And his worse-for-wear mom says nothing of the troubles in Smallville, an economic moonscape where trailer-park meth labs are the only growth industry and a predatory zillionaire is gobbling up all the foreclosed farms. Like a lot of Americans taking their first steps onto the downhill side of middle age, Clark and Lois feel the melancholia and menace of a world closing in.  "When we were dreaming about having a family," murmurs a forlorn Lois in an unguarded moment, "it didn't look like this, did it?"

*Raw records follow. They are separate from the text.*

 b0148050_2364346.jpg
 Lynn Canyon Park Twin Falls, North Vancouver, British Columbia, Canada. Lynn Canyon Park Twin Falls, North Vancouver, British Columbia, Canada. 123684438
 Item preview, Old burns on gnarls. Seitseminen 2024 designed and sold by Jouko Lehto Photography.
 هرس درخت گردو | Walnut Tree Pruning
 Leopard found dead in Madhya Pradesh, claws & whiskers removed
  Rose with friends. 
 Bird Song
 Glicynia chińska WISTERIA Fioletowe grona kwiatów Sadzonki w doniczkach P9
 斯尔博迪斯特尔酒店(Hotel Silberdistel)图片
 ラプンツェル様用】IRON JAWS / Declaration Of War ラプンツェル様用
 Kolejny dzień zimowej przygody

To be sure, Superman & Lois is not some do-not-go-gentle-into-that-good-Kryptonite wallow in gerontologic despair. It has plenty of conventional superhero plots, all imaginative and well-crafted. (That nuclear power plant mess was no one-off, but the work of a serial melt-downer who appears to have a grudge against Superman.) It's not above having a little straight-faced fun with itself—I loved a scene where Clark super-slaps around a vending machine that refused to turn loose a bag of potato chips. And the acting never turns hacky or camp. In particular, Jordan Elsass (Little Fires Everywhere) and stage actor Alex Garfin as Clark and Lois' kids manage to seem troubled without turning into martyred teenage drama queens.

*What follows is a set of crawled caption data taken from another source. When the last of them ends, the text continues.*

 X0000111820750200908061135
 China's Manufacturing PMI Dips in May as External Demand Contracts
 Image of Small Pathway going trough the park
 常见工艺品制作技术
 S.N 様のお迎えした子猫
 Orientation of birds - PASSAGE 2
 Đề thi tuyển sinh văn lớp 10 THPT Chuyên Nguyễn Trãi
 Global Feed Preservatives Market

Overall, the show—or at least its pilot episode, the only one The CW made available—manages the extraordinary feat of appealing to young genre fans as well striking a chord with their parents, even those still wondering if modern technology can't produce a pair of X-Ray Spex that really work. As an embroidered sampler on the Kent family home in Smallville observes, "IT ALL WENT BY SO FAST."